:: Raw data ::
━━━━━━━━━━
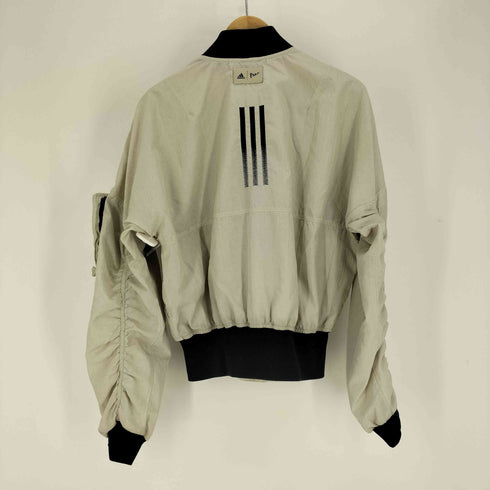 アディダス adidas Parley Bomber アームベルクロ ポケット フライトジャケット ブルゾン レディース import:S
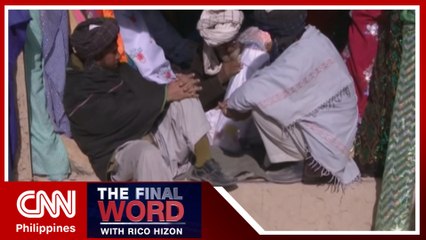 Ex-pres. Duterte to Marcos: Think twice about taking in Afghan refugees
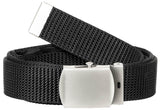 Ceinture MFH en polyester 3,2 cm à poche intérieure à glissière de 36 cm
━━━━━━━━━━
:: Assignment ::
Starting with the line that holds "Ex-pres. Duterte to", retype each line through the last one in the listing above, exactly as written. Do not copy any pictures.

:: Completed task ::
 Ex-pres. Duterte to Marcos: Think twice about taking in Afghan refugees
 Ceinture MFH en polyester 3,2 cm à poche intérieure à glissière de 36 cm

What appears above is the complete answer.